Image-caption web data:
-- Opening Marker --

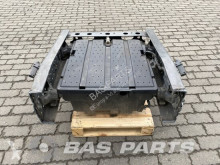 Peças pesados Mercedes Battery holder Mercedes Actros MP4 usado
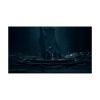 Picture of PS5 Dragon's Dogma II: Dark Arisen Master Edition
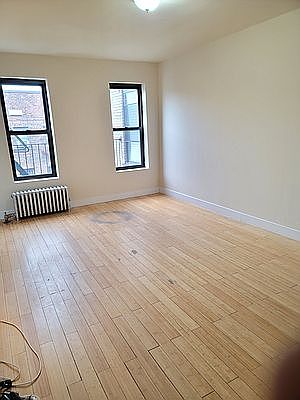 1st image of 119-26 Metro Ave #6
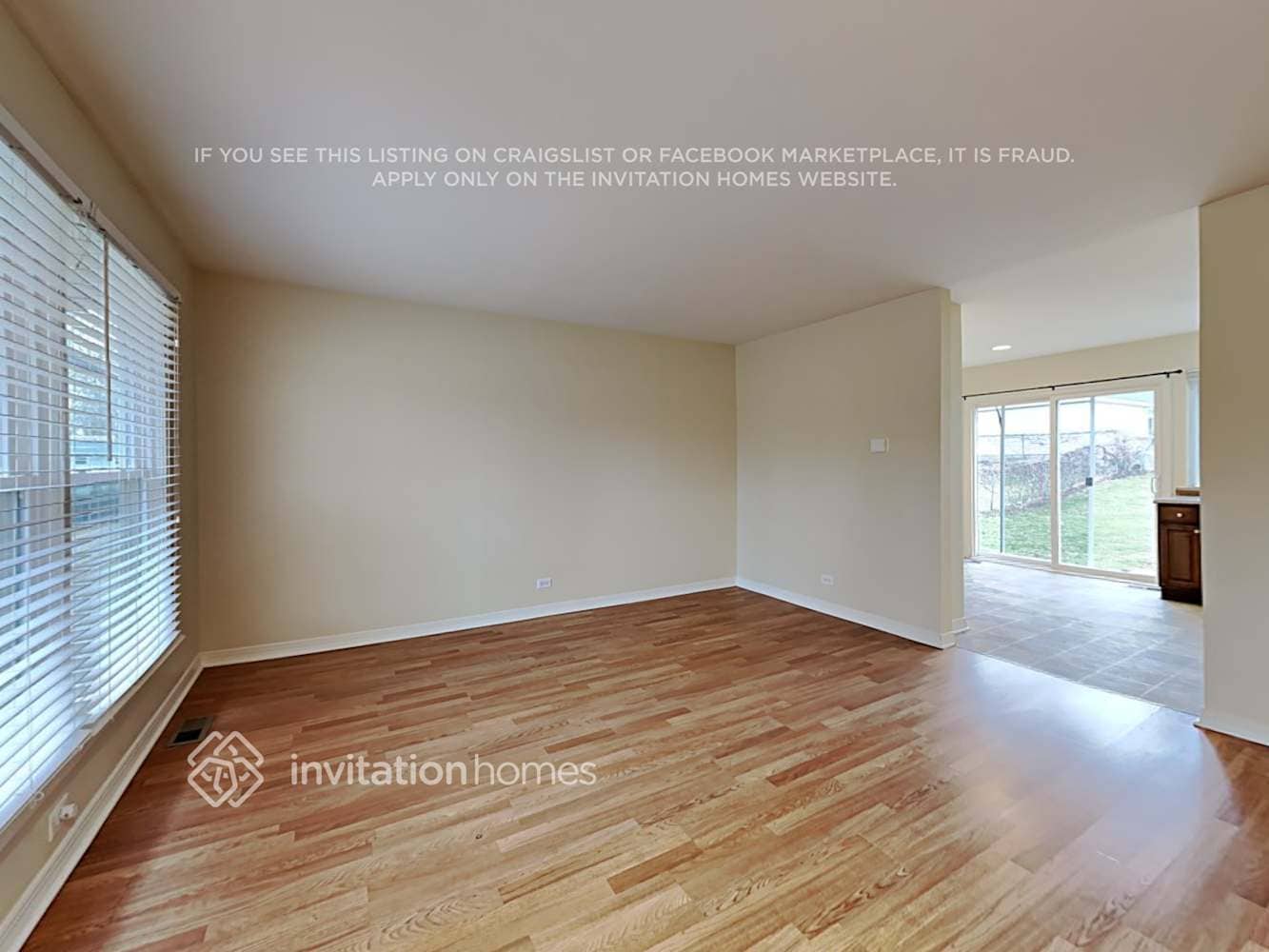 Building Photo - 136 Butternut Dr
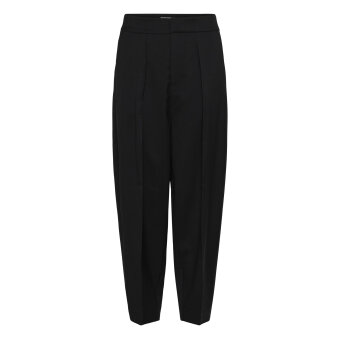 InWear - INWEAR - CADIEIW CORE BARREL | BUKS BLACK InWear - INWEAR - CADIEIW CORE BARREL | BUKS BLACK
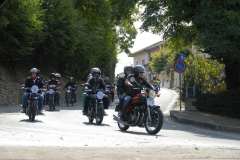 206_benelli-Day-2015_20-09-15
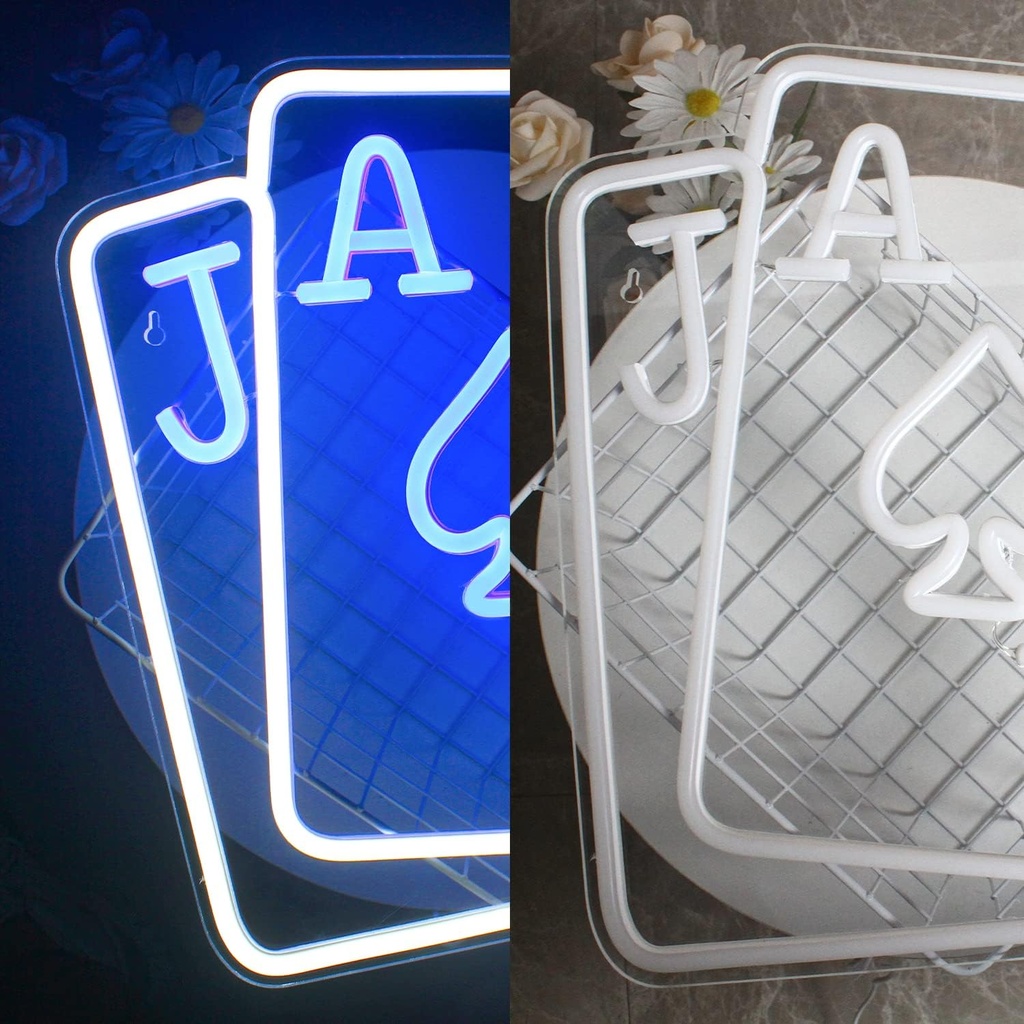led-neon-light-playing-cards-sign-for-wall-decor-blue-white-poker-theme-gamer-room-decoration-for-teens-usb-powered-casino-bar-hotel-birthday-party-decor-03-led-neon-light-playing-cards-sign-for-wall-decor---3.jpg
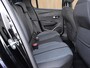 Peugeot 208 1.2 Hybrid 110 e-DCS6 Allure VOORRAAD KORTING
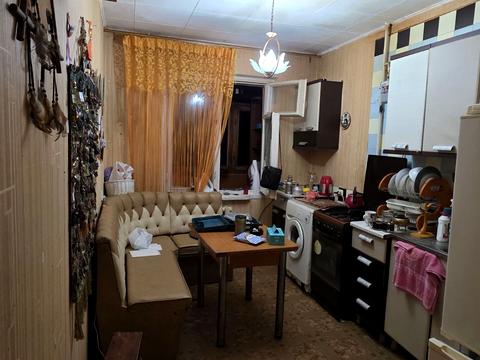 квартира за адресою Князя Володимира Великого просп., 131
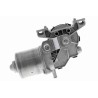 VEMO V24-07-0016 Motor del limpiaparabrisas - 1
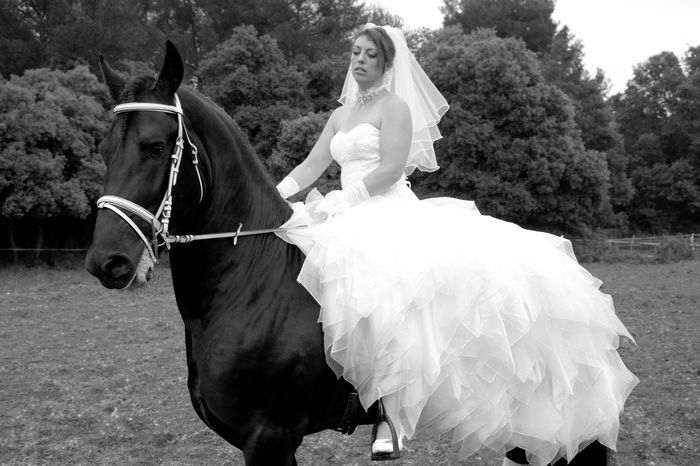 mariage 14 05 2012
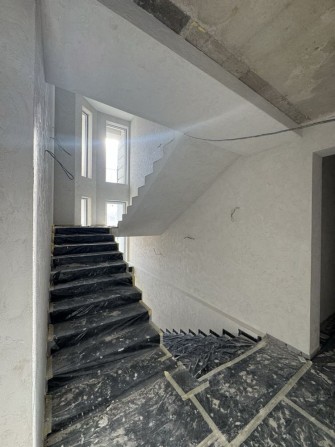 Продаж 3х кім квартири Мініна Паркрва зона - фото 1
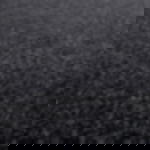 Nadelfilz Fliesen - schwarz meliert Nadelfilz Fliesen selbstliegend, B1 - schwarz meliert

-- Closing Marker --

What the task asks: What is needed is an exact copy of the records above, with no pictures in it.

Response area:
 Peças pesados Mercedes Battery holder Mercedes Actros MP4 usado
 Picture of PS5 Dragon's Dogma II: Dark Arisen Master Edition
 1st image of 119-26 Metro Ave #6
 Building Photo - 136 Butternut Dr
 InWear - INWEAR - CADIEIW CORE BARREL | BUKS BLACK InWear - INWEAR - CADIEIW CORE BARREL | BUKS BLACK
 206_benelli-Day-2015_20-09-15
led-neon-light-playing-cards-sign-for-wall-decor-blue-white-poker-theme-gamer-room-decoration-for-teens-usb-powered-casino-bar-hotel-birthday-party-decor-03-led-neon-light-playing-cards-sign-for-wall-decor---3.jpg
 Peugeot 208 1.2 Hybrid 110 e-DCS6 Allure VOORRAAD KORTING
 квартира за адресою Князя Володимира Великого просп., 131
 VEMO V24-07-0016 Motor del limpiaparabrisas - 1
 mariage 14 05 2012
 Продаж 3х кім квартири Мініна Паркрва зона - фото 1
 Nadelfilz Fliesen - schwarz meliert Nadelfilz Fliesen selbstliegend, B1 - schwarz meliert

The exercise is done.